What to work on — Word for word, print out all of the data, omitting every image.
___ Given data ___
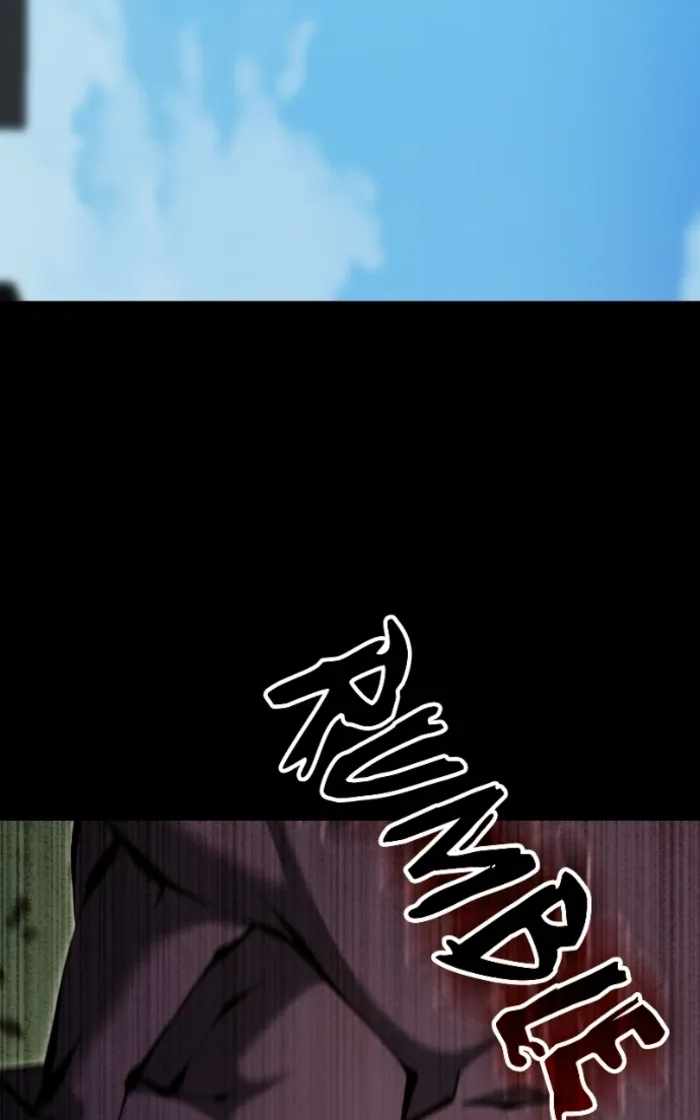 Primal Hunter Chapter 100 93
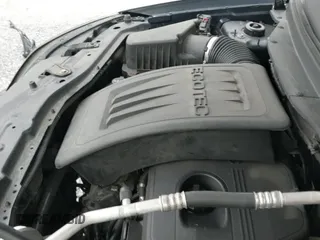 ✅ 2015 Chevrolet Captiva Sport LT • VIN: 3GNAL3EK9FS511352 • Lot: 41843690. Wystawiony na IAAI z przebiegiem 156 584 mil. Bezpłatny archiwum sprzedaży aukcyjnych z USA i szczegółowy raport historii pojazdu na DreamBid. Zdjęcie 19.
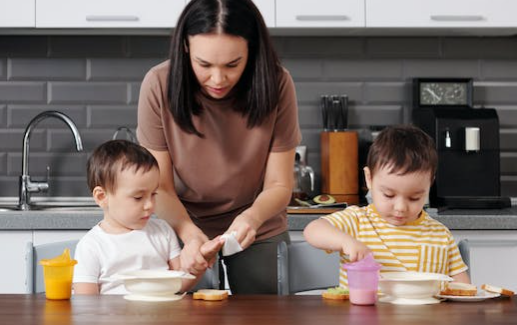 怀孕一个多月怎么看宝宝是男孩女孩.png 怀孕一个多月怎么看宝宝是男孩女孩.png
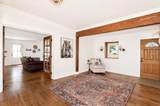 4435 Kaufman Road - Photo 5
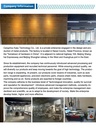 Product Importer Gallery 04 · 747f0f541f
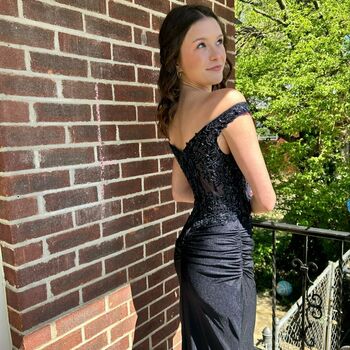 Lillie Goldman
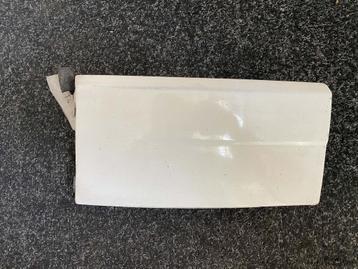 Volkswagen Transporter VW T4 voorfront front Links wit beschikbaar voor biedingen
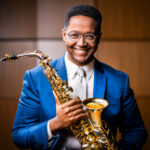 Steven Banks (2)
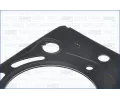 AJUSA Tsnn hlavy vlce MULTILAYER STEEL AJS 10206700, 10206700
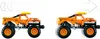 LEGO® Technic 42135 Monster Jam™ El Toro Loco™ Náhled obrázku produktu 32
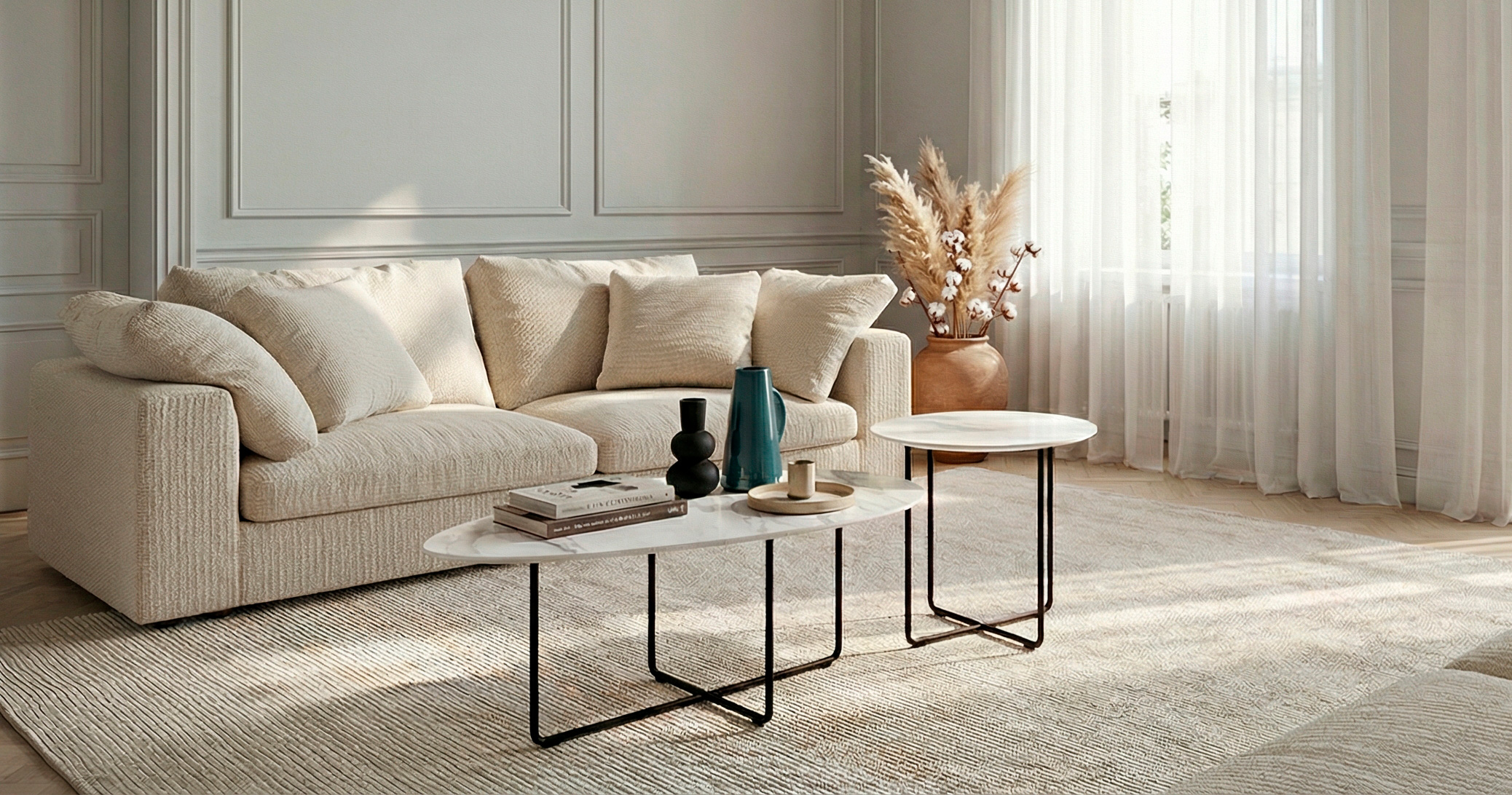 Коллекция Apex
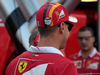 GP MONACO, 26.05.2017 - Sebastian Vettel (GER) Ferrari SF70H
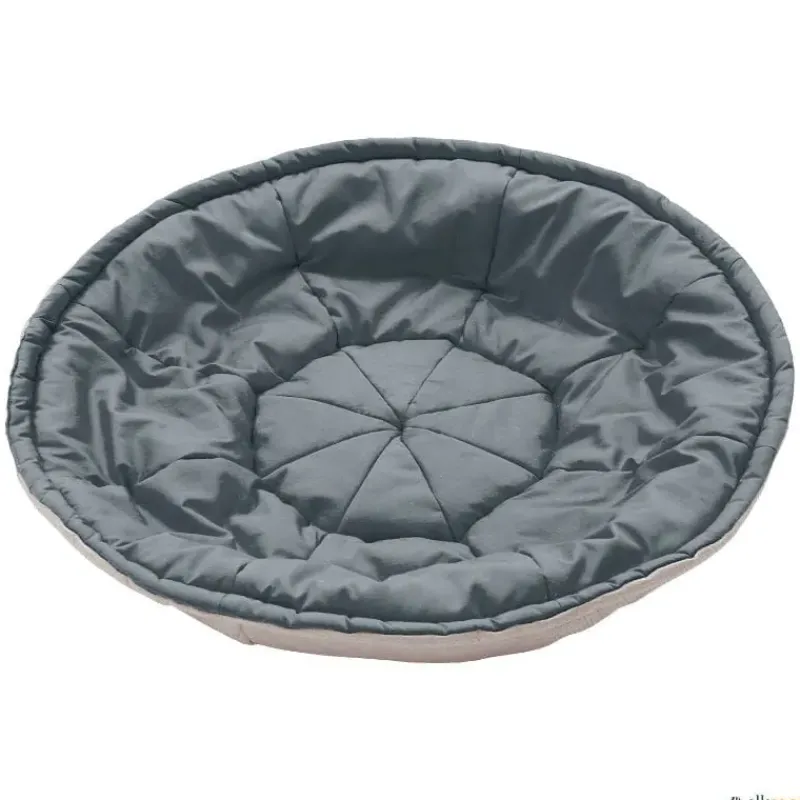 Gonge Colchoneta mini Top| Psicomotricidad|Plataformas Deslizantes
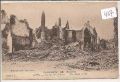 Ypres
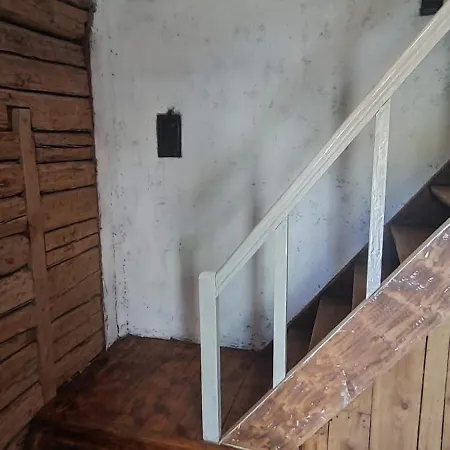 36 Posti * Haapsalu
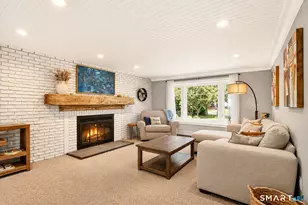 3 Klim Ln, Norwalk, CT 06850 - Photo 5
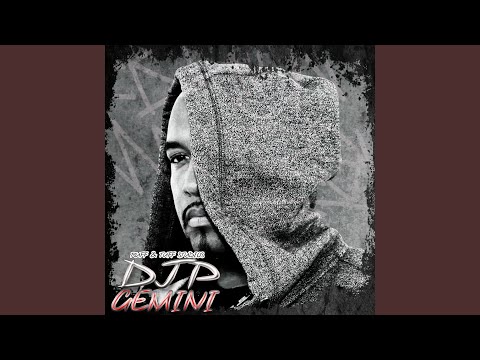 So Many Thoughts (Pensamientos 3)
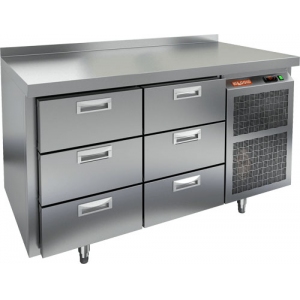 HICOLD HICOLD 62249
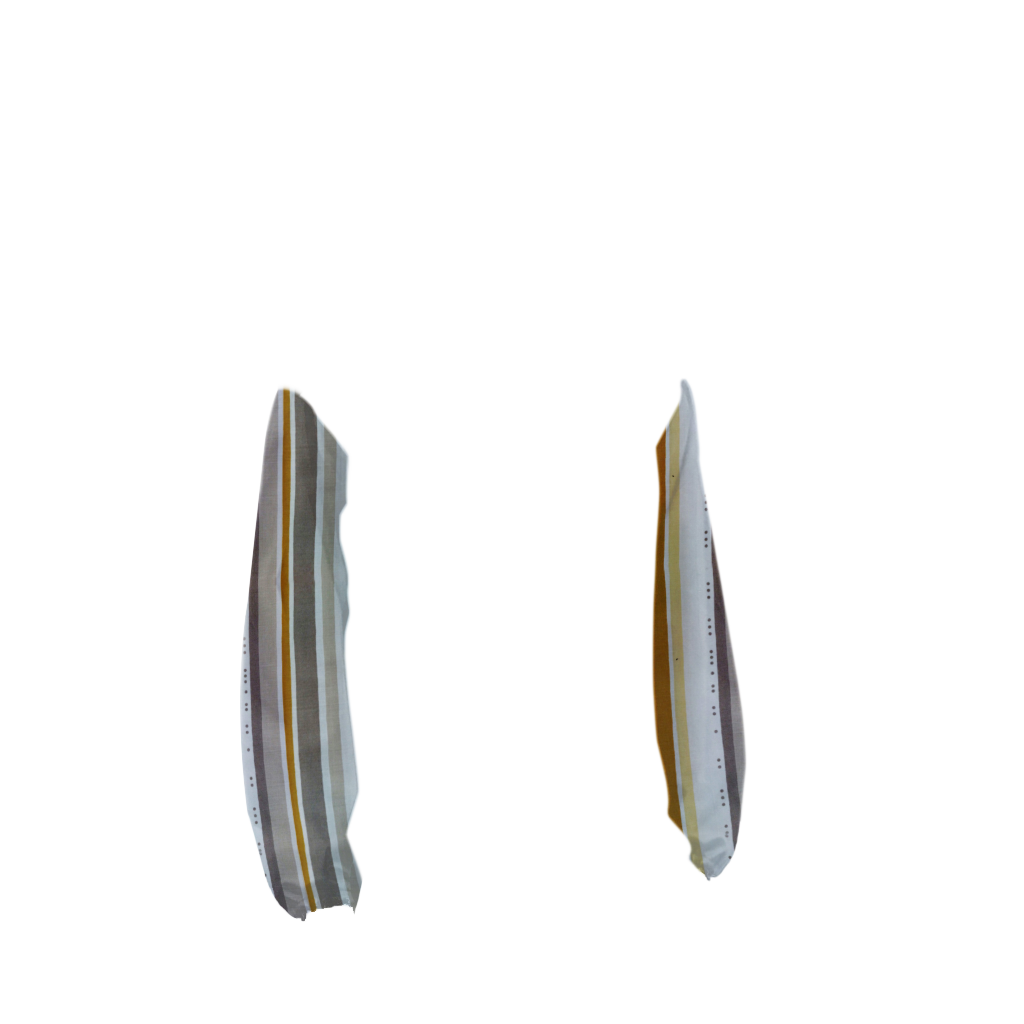 Visual Products Configurator option image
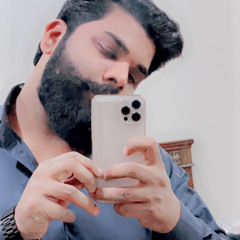 subhan yousuf 30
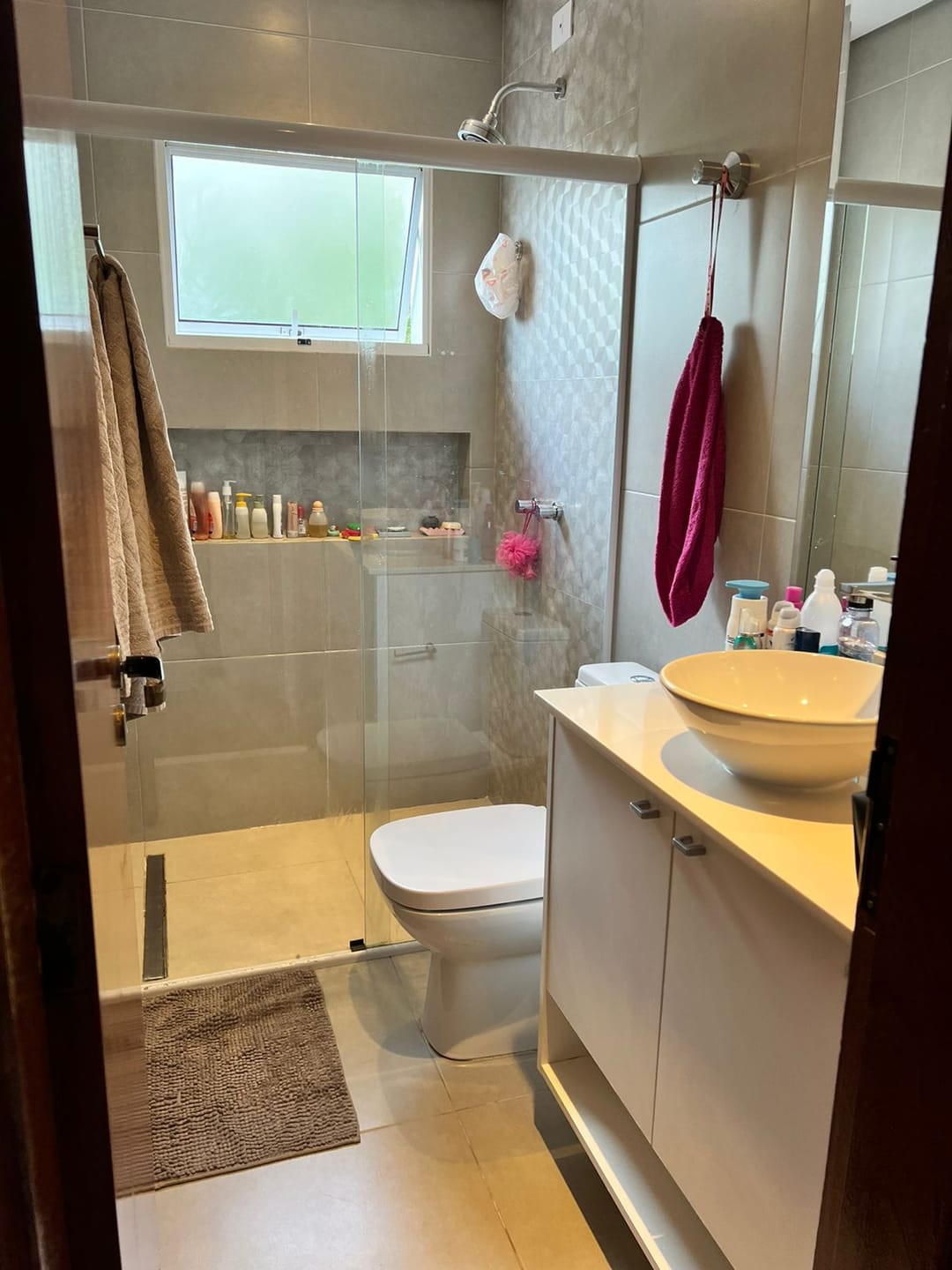 Sobrado à venda com 3 quartos, 120m² - Foto 12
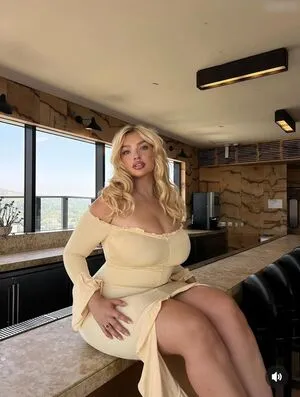 Sarina Nowak OnlyFans Leaked Free Thumbnail Picture - #5RGPx0ujuj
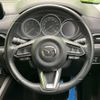 mazda cx-5 2018 -MAZDA--CX-5 3DA-KF2P--KF2P-201026---MAZDA--CX-5 3DA-KF2P--KF2P-201026- image 11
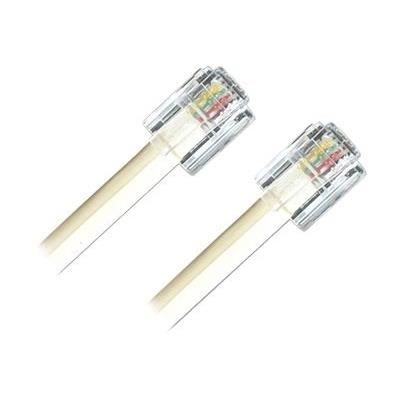 APM CABLE ADSL 5M MALE MALE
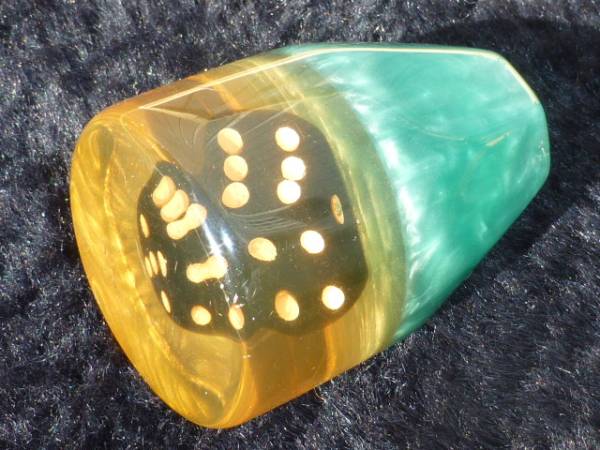  ダイス旧車シフトノブ水中花レトロ舞妓ビンテージ毛ばり昭和(社外品)｜売買されたオークション情報、yahooの商品情報をアーカイブ公開 - オークファン 社外品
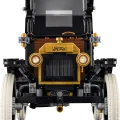 11376 LEGO Icons Ford Model T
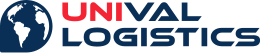 Unival Logistics Offers High-Value Item Shipping Insurance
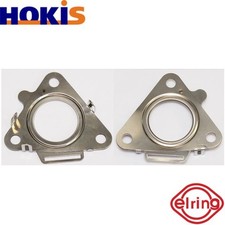GASKET EXHAUST PIPE 255.180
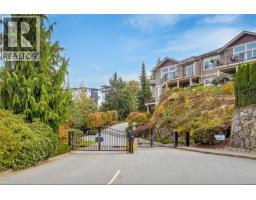 1 551 Bezanton Way, Colwood, BC V9C0C5 Photo 40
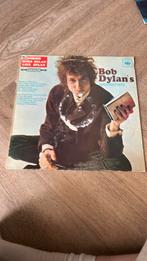 Bob Dylan – Greatest Hits (LP), Cd's en Dvd's, Vinyl | Pop, Ophalen of Verzenden, 1960 tot 1980, Zo goed als nieuw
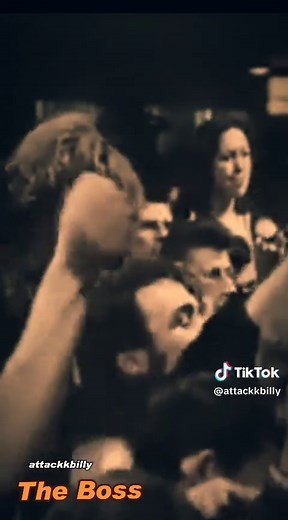 Discover the Best of Crazy Cavan and the Rhythm Rockers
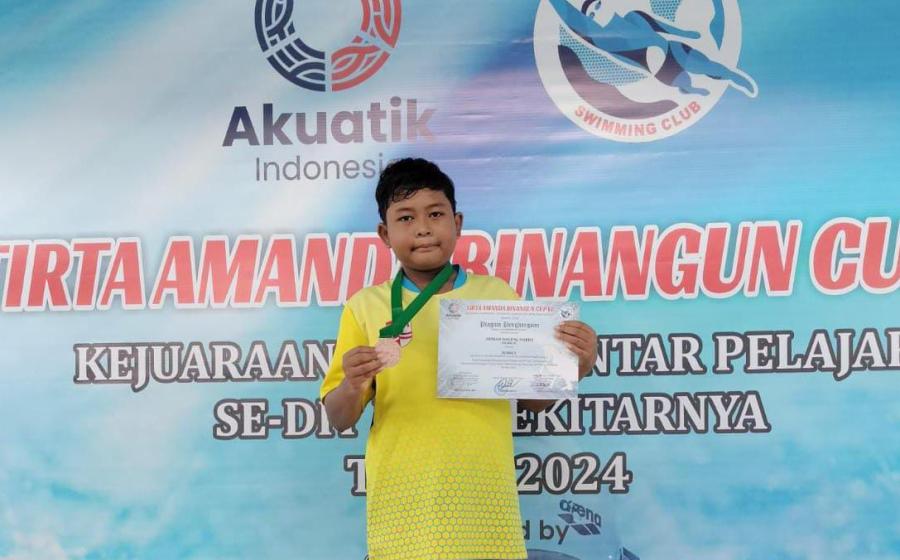 MIN 1 Bantul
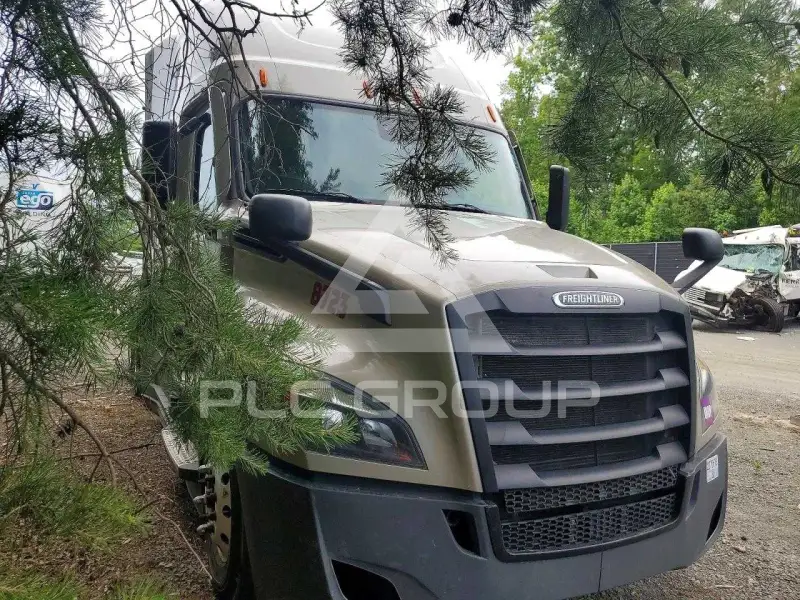2021 Freightliner All Other photo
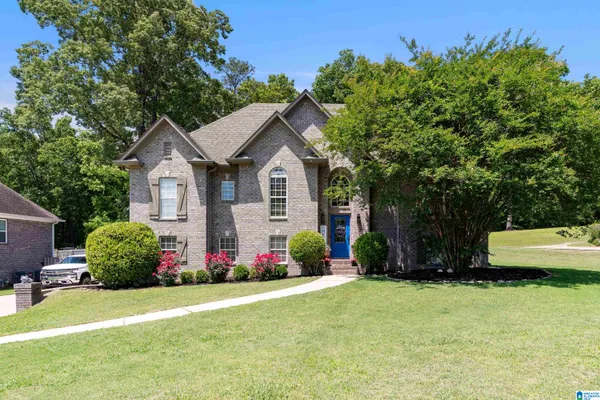 $415,000 | 1013 Creel Drive, Moody, AL 35004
___
Exercise answer —
 Primal Hunter Chapter 100 93
 ✅ 2015 Chevrolet Captiva Sport LT • VIN: 3GNAL3EK9FS511352 • Lot: 41843690. Wystawiony na IAAI z przebiegiem 156 584 mil. Bezpłatny archiwum sprzedaży aukcyjnych z USA i szczegółowy raport historii pojazdu na DreamBid. Zdjęcie 19.
 怀孕一个多月怎么看宝宝是男孩女孩.png 怀孕一个多月怎么看宝宝是男孩女孩.png
 4435 Kaufman Road - Photo 5
 Product Importer Gallery 04 · 747f0f541f
 Lillie Goldman
 Volkswagen Transporter VW T4 voorfront front Links wit beschikbaar voor biedingen
 Steven Banks (2)
 AJUSA Tsnn hlavy vlce MULTILAYER STEEL AJS 10206700, 10206700
 LEGO® Technic 42135 Monster Jam™ El Toro Loco™ Náhled obrázku produktu 32
 Коллекция Apex
 GP MONACO, 26.05.2017 - Sebastian Vettel (GER) Ferrari SF70H
 Gonge Colchoneta mini Top| Psicomotricidad|Plataformas Deslizantes
 Ypres
 36 Posti * Haapsalu
 3 Klim Ln, Norwalk, CT 06850 - Photo 5
 So Many Thoughts (Pensamientos 3)
 HICOLD HICOLD 62249
 Visual Products Configurator option image
 subhan yousuf 30
 Sobrado à venda com 3 quartos, 120m² - Foto 12
 Sarina Nowak OnlyFans Leaked Free Thumbnail Picture - #5RGPx0ujuj
 mazda cx-5 2018 -MAZDA--CX-5 3DA-KF2P--KF2P-201026---MAZDA--CX-5 3DA-KF2P--KF2P-201026- image 11
 APM CABLE ADSL 5M MALE MALE
  ダイス旧車シフトノブ水中花レトロ舞妓ビンテージ毛ばり昭和(社外品)｜売買されたオークション情報、yahooの商品情報をアーカイブ公開 - オークファン 社外品
 11376 LEGO Icons Ford Model T
 Unival Logistics Offers High-Value Item Shipping Insurance
GASKET EXHAUST PIPE 255.180
 1 551 Bezanton Way, Colwood, BC V9C0C5 Photo 40
 Bob Dylan – Greatest Hits (LP), Cd's en Dvd's, Vinyl | Pop, Ophalen of Verzenden, 1960 tot 1980, Zo goed als nieuw
 Discover the Best of Crazy Cavan and the Rhythm Rockers
 MIN 1 Bantul
2021 Freightliner All Other photo
 $415,000 | 1013 Creel Drive, Moody, AL 35004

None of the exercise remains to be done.